No texto
anterior, disse que quem quer guardar uma informação para si, tem o objetivo de
se proteger de algo, mas não quer dizer, contudo, que isso seja algo ruim.
Aquilo que
somos e aquilo que é feito de nós (as relações sociais) compõe nossa
identidade, ou seja, aquilo que nos torna únicos, diferentes de todos os
demais. Os segredos entram nesta composição, pois são informações sobre nós
mesmos, neste caso, as que nos recusamos a compartilhar com qualquer um.
Os segredos
são mais que isso, pensemos neles como se fossem uma demarcação imaginária de
nossas fronteiras, nosso campo de autoafirmação. Quanto menos sabem sobre quem
somos, mais fortes são as fronteiras.
Antes das
redes sociais, para saber o que uma pessoa gosta de ouvir, de comer, que
lugares gosta de frequentar, seus hábitos mais simples, havia a necessidade de
perguntar diretamente ou a terceiros ou de flagrar a pessoa. Depois das redes,
basta meia dúzia de cliques e voilà! Tudo
isso é capaz de ser descoberto sem a mínima necessidade de uma conversa ou
mesmo ter saído do quarto.
Essa
facilidade existe porque cada vez menos se dá importância para a privacidade.

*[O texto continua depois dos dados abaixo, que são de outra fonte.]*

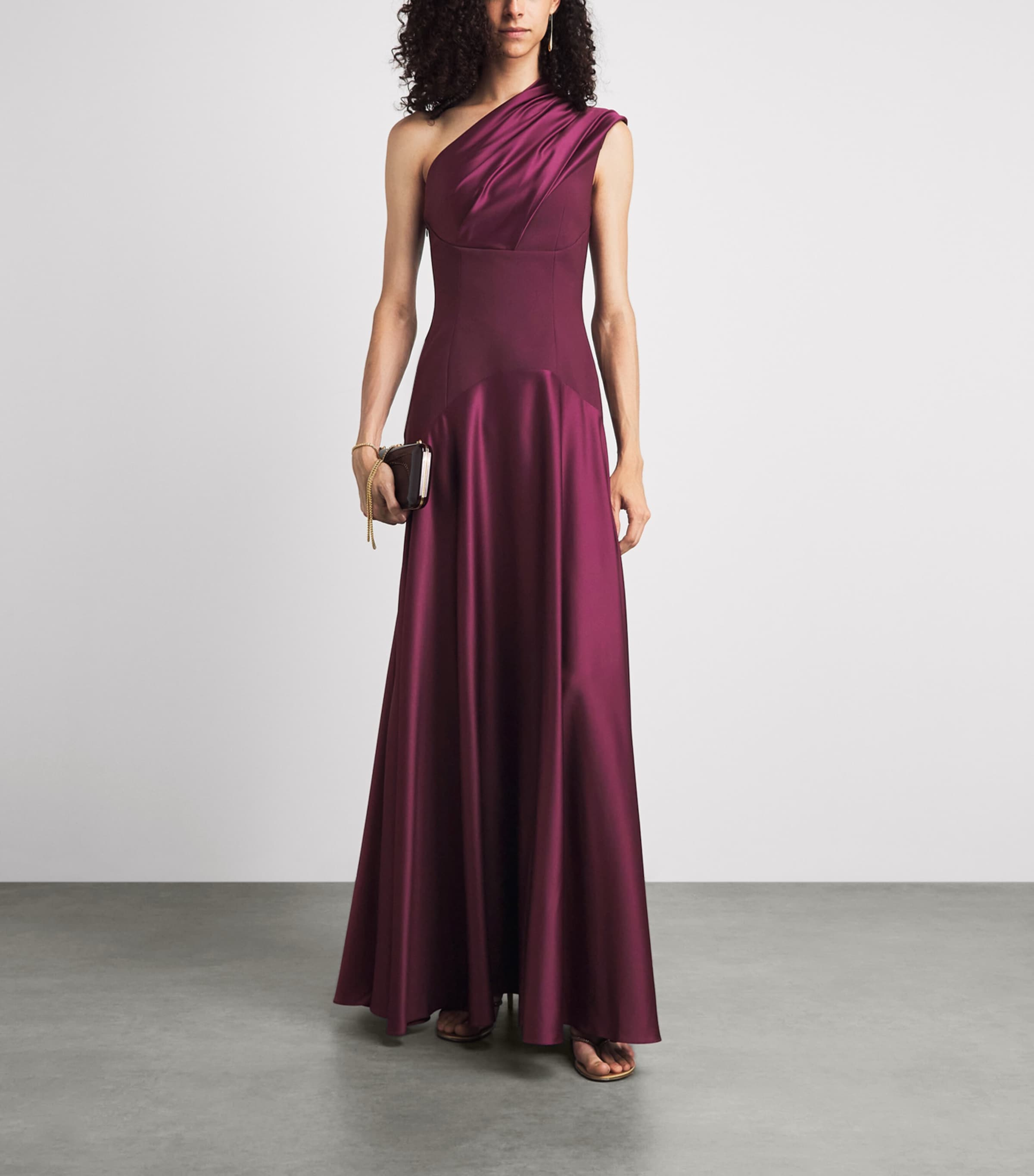 Solace London Womens One-Shoulder Satin Gabriela Gown Grape Image 2
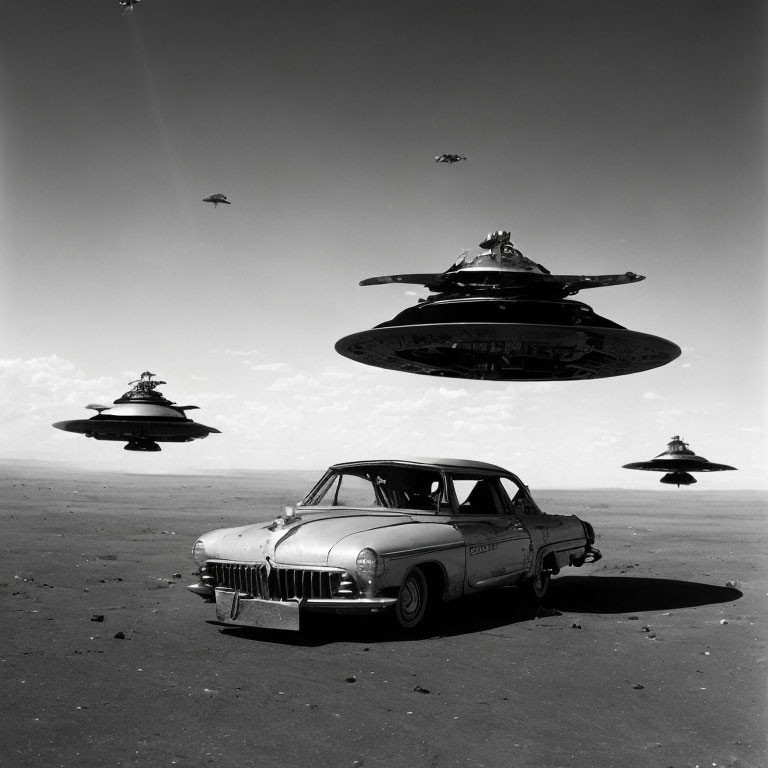 Vintage Car Parked in Barren Landscape with Hovering Flying Saucers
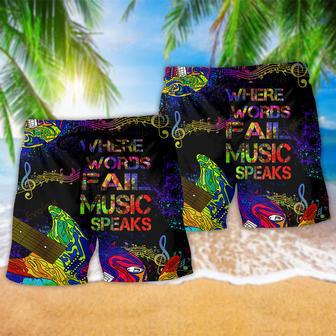 Music Guitar Where Music Speaks Colorful Beach Short | Newhawaiianshirts CA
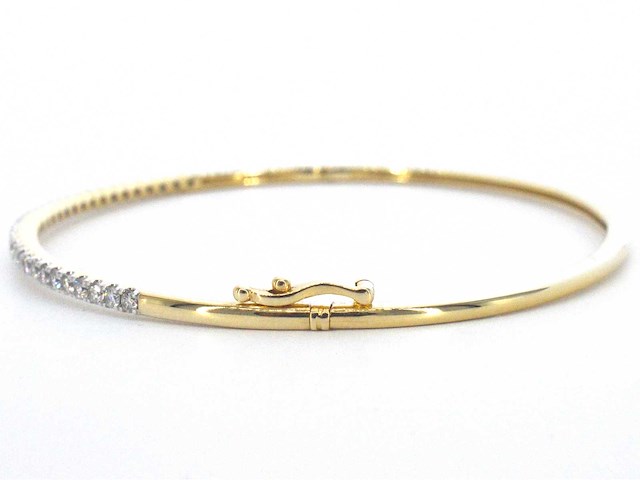 Gouden bangle armband met natuurlijke briljant geslepen diamanten - afbeelding 5 van  9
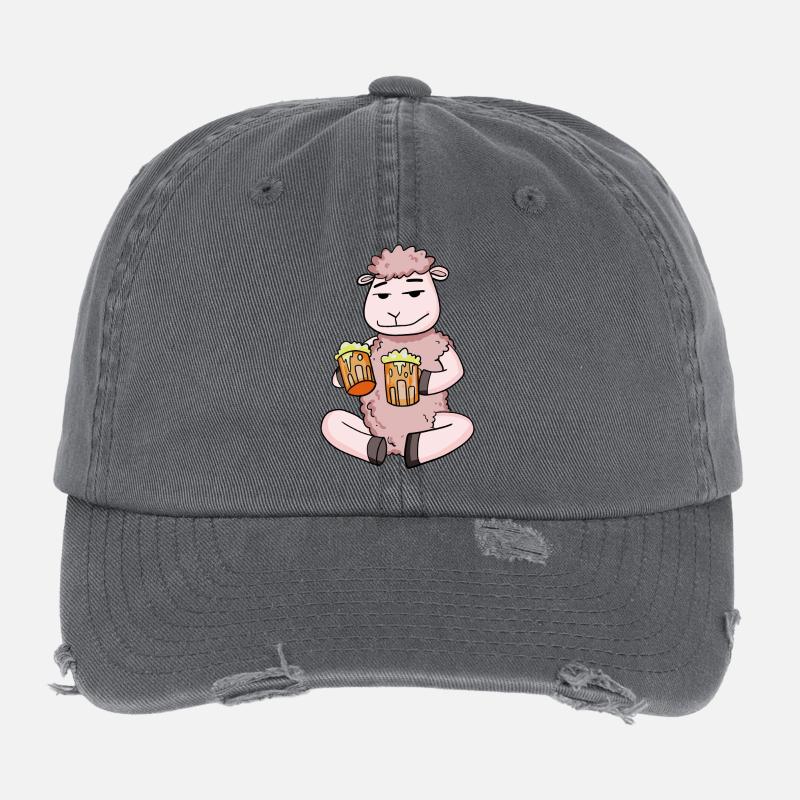 Moutons avec des verres à bière Bière Boire de l’alcool Casquette vintage effet usé Flexfit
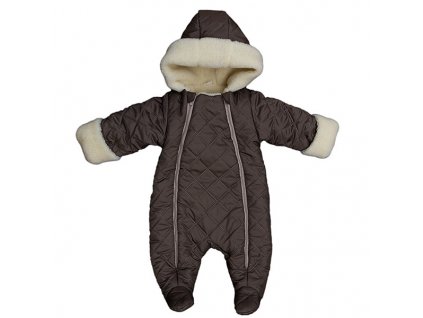 Zimní kojenecká kombinéza s Merino vlnou khaki LORITA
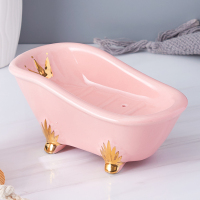 欧式陶瓷肥皂盒沥水创意卫生间酒店餐厅高档肥皂瓷皂托皂碟香皂盒|粉色鎏金浴池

Se antes havia uma necessidade de esconder informações sobre si mesmo, hoje
temos uma inversão, as pessoas cada vez mais postam informações sobre si mesmas
em seus perfis públicos. O medo de revelar foi trocado pelo medo de não ser
mais visto.
As pessoas
postam o que estão comendo; o que estão assistindo; o que fizeram na sexta, no
sábado, no domingo; dão bom dia; informam que estão doentes; informam que está
calor; que está frio; que compraram uma TV nova; que caíram da bicicleta; que
estão tristes; que estão felizes; que alguém tem inveja delas... enfim, todo
tipo de informação irrelevante.
Tem um
seriado que gosto muito que é o How I Met Your Mother. No episódio da 7º
temporada Mistery x History, Ted Mosby conhece Janet e a convida para sair.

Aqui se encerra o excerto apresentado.